Casi no me he movido de la silla plástica de color blanco en la que estoy sentado. En realidad, son dos, ambas rotas, que juntas sostienen mi peso. Me duele la rodilla y al levantarme me percato con mejor atención de una “biblioteca”: un anaquel donde hay biografías (una es de Lula), tratados de economía, algunos tomos de asuntos de telecomunicaciones (su especialidad profesional), además de una novela. Yo le dejo Libertad bajo palabra, de Octavio Paz. “Pero no dejes de ponerme una dedicatoria, sino después no me acuerdo quién me la regaló”, me dice entre risas.

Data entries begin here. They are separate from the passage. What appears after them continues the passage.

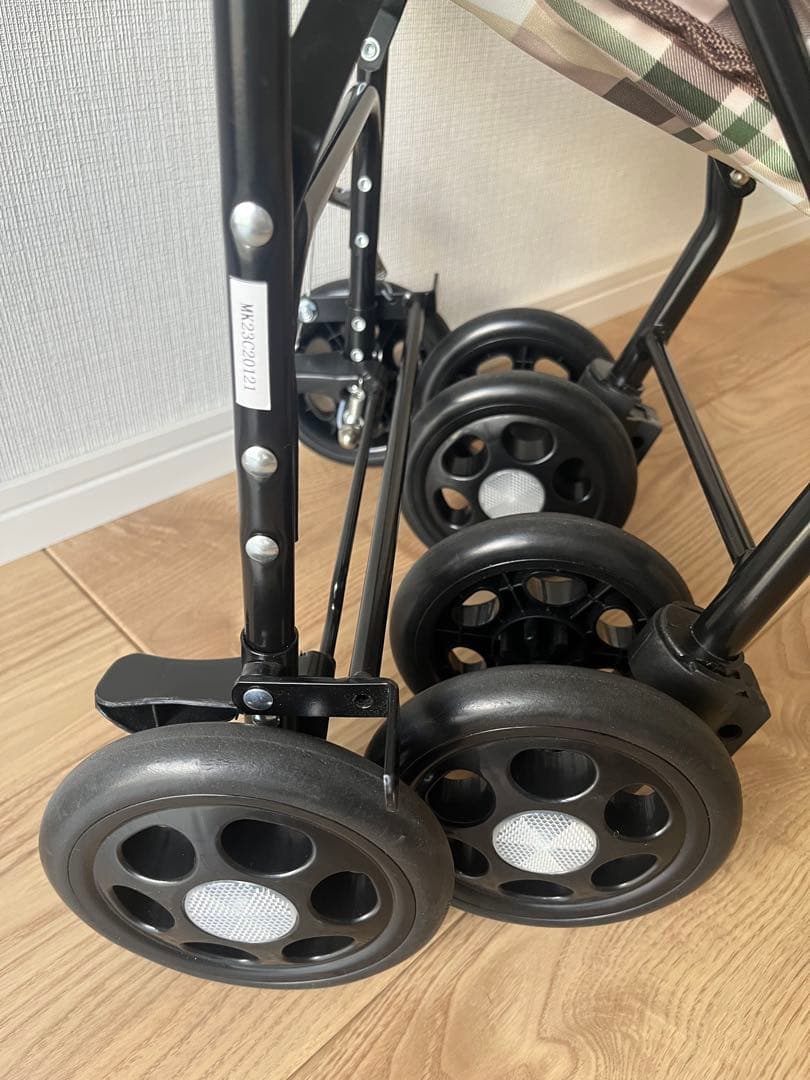 【美品】マキテック シルバーカー スリムムーヴ SX-15 ベージュチェック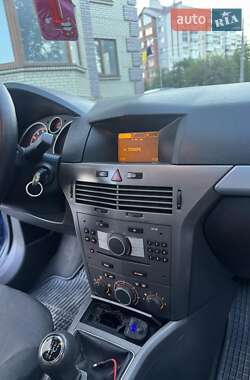 Универсал Opel Astra 2006 в 
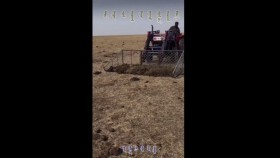 ᠬᠥᠯᠥᠨ ᠪᠣᠢᠷ᠎ ᠤᠨ ᠮᠠᠯᠴᠢᠨ ᠭᠠᠨᠳᠢᠭ ᠶᠠᠭᠠᠬᠢᠵᠤ ᠠᠷᠭᠠᠯ᠎ ᠢᠶᠠᠨ ᠬᠤᠷᠢᠶᠠᠵᠤ ᠪᠠᠢᠬᠤ ᠪᠣᠢ?Хөлөн буйрын малчин гантиг яахиж аргалаа хурааж байх бэ？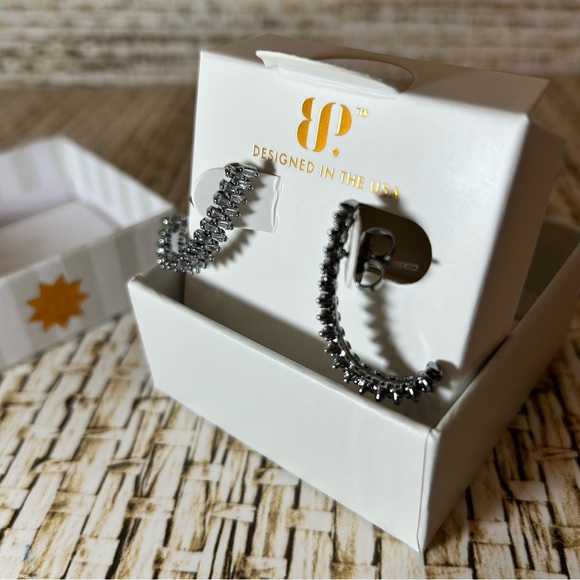 🐾 This Is Your Sign 🐾 - Picture 3 of 7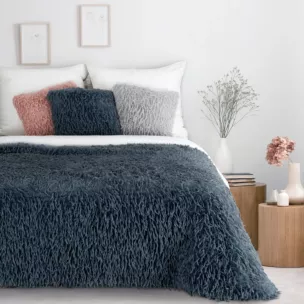 Koc z przyjemnego futerka 130x170 cm granatowy ADORE
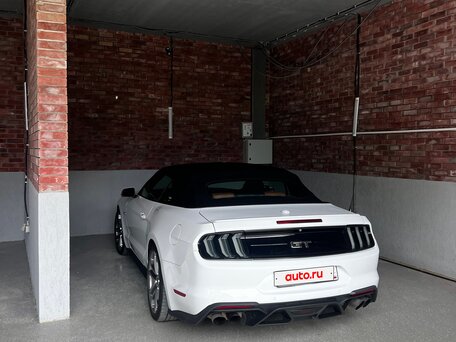 2021 Ford Mustang VI Рестайлинг, белый, 4900000 рублей, вид 3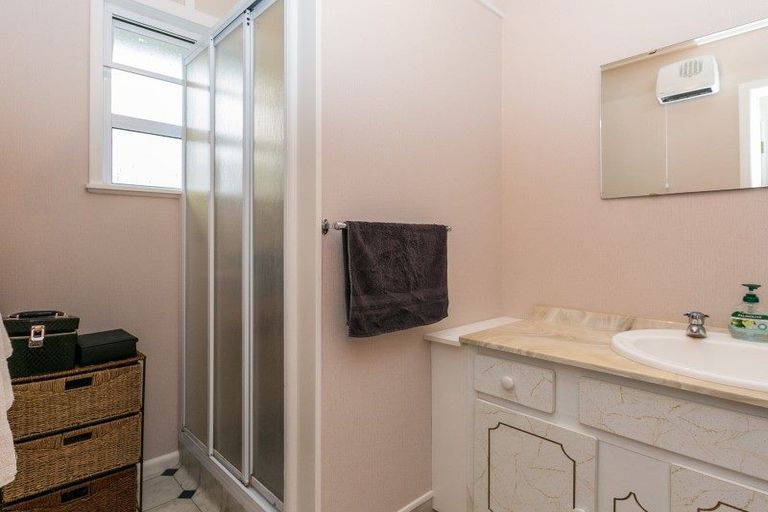 Photo of property in 1/13 Murphy Road, Taradale, Napier, 4112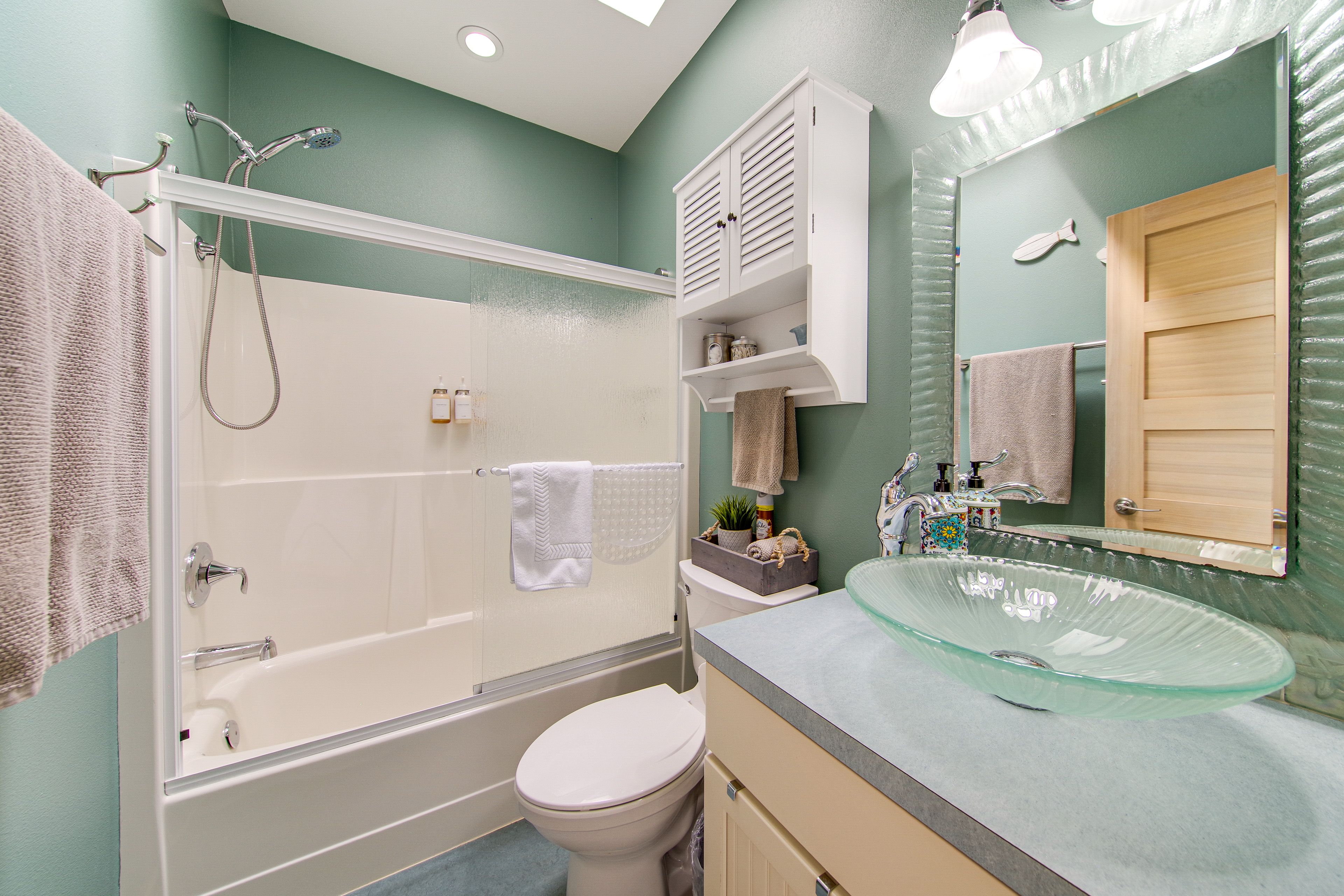 Full Bathroom | 1st Floor | Complimentary Toiletries | Hair Dryer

“¿A quién apelar ahora y con qué argucias destruir al que te acusa? Inútiles los memoriales, los ayes y los alegatos. Inútil toca a puertas condenadas. No hay puertas, hay espejos. Inútil cerrar los ojos o volver entre los hombres: Esta lucidez ya no me abandona…”
El abrazo de despedida es también una promesa: la de volvernos a ver pronto, la de registrar y publicar la última conversación que tuvo con Lenín Moreno, ese diálogo en el que le advirtió que se “pudriría en una cárcel”, porque Jorge no aceptó una propuesta indecente. Pero eso, algún día, él mismo lo tendrá que contar.
Los policías y militares ya no me ven con el recelo de antes. Soy una visita más que se va. El alto oficial me manda el saludo con uno de sus ayudantes. No puede salir a despedirse, como quisiera dice su ayudante, porque está en una reunión.
Dejo las instalaciones y al caminar hacia la calle, con la misma intensidad que entra el aire frío de Latacunga, se llenan mis ojos de lágrimas. Recién percibo que tenía el aliento contenido, e inmediatamente pienso cómo podré contar lo vivido durante esas cuatro horas… cualquier palabra mía podría afectarlo, cualquier frase que resulte incómoda se convierte de inmediato en una retaliación. Ya ha pasado. Cada vez que sus compañeros o el mismo Rafael Correa reclaman o disputan algún tema con el gobierno, es Jorge quien recibe las consecuencias: más requisas, más imputaciones.
Sé que una amiga en común lo va a visitar. Le hago llegar 21 lecciones para el siglo XXI, de Yuval Noah Harari. El libro le llegó cuando un tribunal le negó un derecho legítimo: la unificación de penas para que pueda acceder a un derecho fundamental: la prelibertad porque ya cumplió más del 40 % de la pena. Queda pendiente una apelación y queda también la esperanza de que los jueces dejen de lado su odio y venganza, que hagan justicia y que acabemos de una vez por todas con esta persecución infame, cruenta, y sin parangón en la historia del país.